It will not be until the second edition of Capital that Marx settles upon the specific presentation of the distinction between value and exchange-value that I have analysed in the detail in my thesis. (For exhaustive comparisons of Capital’s various editions, see Hans Ehrbar’s site.)

In 1857, however, Marx begins - not with the bifurcated commodity - not with the real abstraction of value - but with material production. We can see already, in this beginning, the struggle to assert that this starting point is historically and socially specific, in spite of the apparent transhistoricity of the category.

Marx’s first gloss on the term “material production” is “Individuals producing in Society”. He immediately qualifies that individuals are not an a priori given, but rather an historical result - the product of many past developments, but misrecognised as an originary starting point for historical development. This misrecognition - a projection of historical results back into prehistory - is itself peculiarly ahistorical at this moment in the text. All times, Marx suggests, make this kind of projection from the historical results they find ready to hand:

Smith and Ricardo still stand with both feet on the shoulders of the eighteenth-century prophets, in whose imaginations this eighteenth-century individual – the product on one side of the dissolution of the feudal forms of society, on the other side of the new forces of production developed since the sixteenth century – appears as an ideal, whose existence they project into the past. Not as a historic result but as history’s point of departure. As the Natural Individual appropriate to their notion of human nature, not arising historically, but posited by nature. This illusion has been common to each new epoch to this day.

By Capital, even projections back onto prehistory have their historical index - even illusions have their differentia specifica.

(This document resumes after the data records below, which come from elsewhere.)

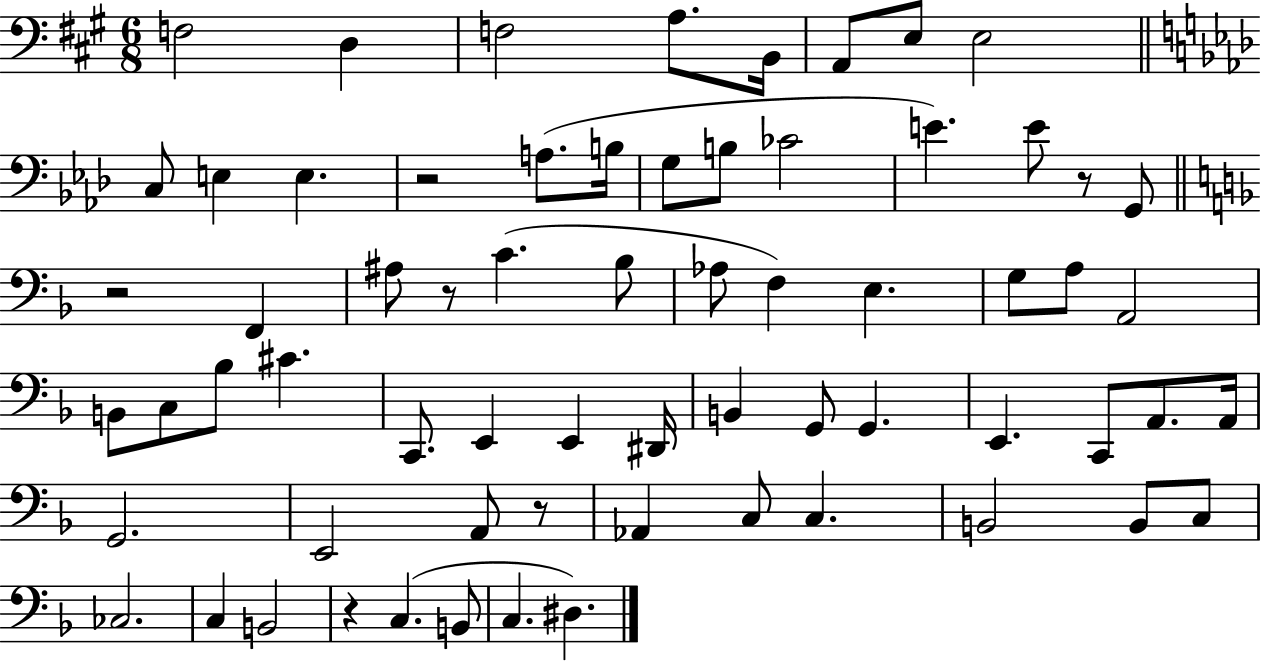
X:1
T:Untitled
M:6/8
L:1/4
K:A
F,2 D, F,2 A,/2 B,,/4 A,,/2 E,/2 E,2 C,/2 E, E, z2 A,/2 B,/4 G,/2 B,/2 _C2 E E/2 z/2 G,,/2 z2 F,, ^A,/2 z/2 C _B,/2 _A,/2 F, E, G,/2 A,/2 A,,2 B,,/2 C,/2 _B,/2 ^C C,,/2 E,, E,, ^D,,/4 B,, G,,/2 G,, E,, C,,/2 A,,/2 A,,/4 G,,2 E,,2 A,,/2 z/2 _A,, C,/2 C, B,,2 B,,/2 C,/2 _C,2 C, B,,2 z C, B,,/2 C, ^D, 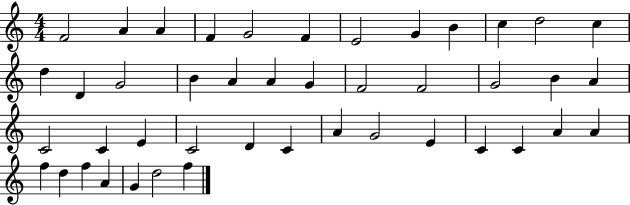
F4/h A4/q A4/q F4/q G4/h F4/q E4/h G4/q B4/q C5/q D5/h C5/q D5/q D4/q G4/h B4/q A4/q A4/q G4/q F4/h F4/h G4/h B4/q A4/q C4/h C4/q E4/q C4/h D4/q C4/q A4/q G4/h E4/q C4/q C4/q A4/q A4/q F5/q D5/q F5/q A4/q G4/q D5/h F5/q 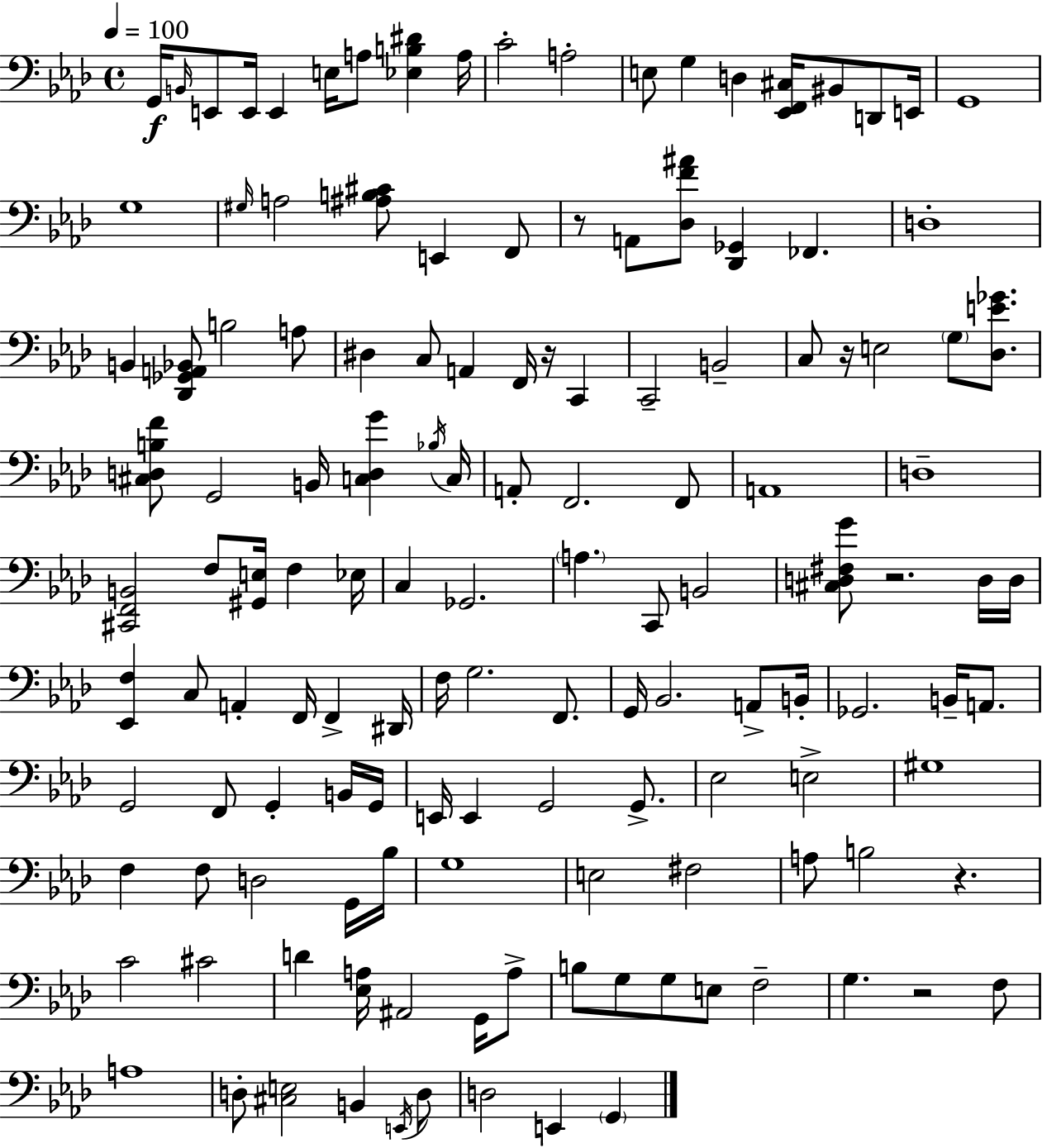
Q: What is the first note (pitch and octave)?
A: G2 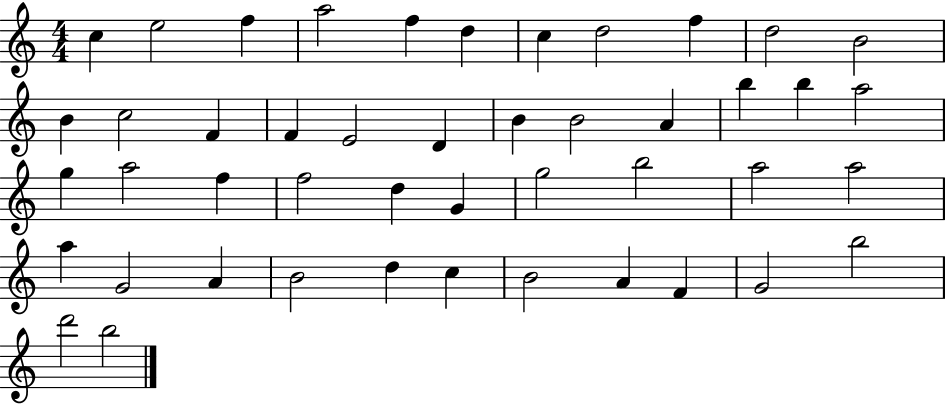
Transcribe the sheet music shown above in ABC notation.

X:1
T:Untitled
M:4/4
L:1/4
K:C
c e2 f a2 f d c d2 f d2 B2 B c2 F F E2 D B B2 A b b a2 g a2 f f2 d G g2 b2 a2 a2 a G2 A B2 d c B2 A F G2 b2 d'2 b2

At this earlier point, Marx is still wrestling with the historicity of his own categories: this illusion is common to all new epochs - but not this exact illusion - Marx qualifies - the illusion of individuals as originary requires a very specific historical constellation.

This leads him to qualify his opening sentence: our object is material production - but, when we speak of this, we don’t mean the sort of socially general, transhistorical category this term implies:

Whenever we speak of production, then, what is meant is always production at a definite stage of social development

This attempt to locate the concept doesn’t feel quite right either. It implies the need to talk about historical origins, to declare upfront the social specificity of the category (and we all know from Capital how very far Marx is capable of taking his intense reluctance to declare his presuppositions up front…). Marx’s reluctance to make the dogmatic declaration - to presuppose or declare a priori that his analysis will be historically bounded - leads him to point out that it’s an empirical matter, really, what aspects of production are historically specific:

Still, this general category, this common element sifted out by comparison, is itself segmented many times over and splits into different determinations. Some determinations belong to all epochs, others only to a few. [Some] determinations will be shared by the most modern epoch and the most ancient. No production will be thinkable without them

This still doesn’t satisfy. Marx retreats immediately to emphasising the historical element, which forms the “essential difference”:

however even though the most developed languages have laws and characteristics in common with the least developed, nevertheless, just those things which determine their development, i.e. the elements which are not general and common, must be separated out from the determinations valid for production as such, so that in their unity – which arises already from the identity of the subject, humanity, and of the object, nature – their essential difference is not forgotten.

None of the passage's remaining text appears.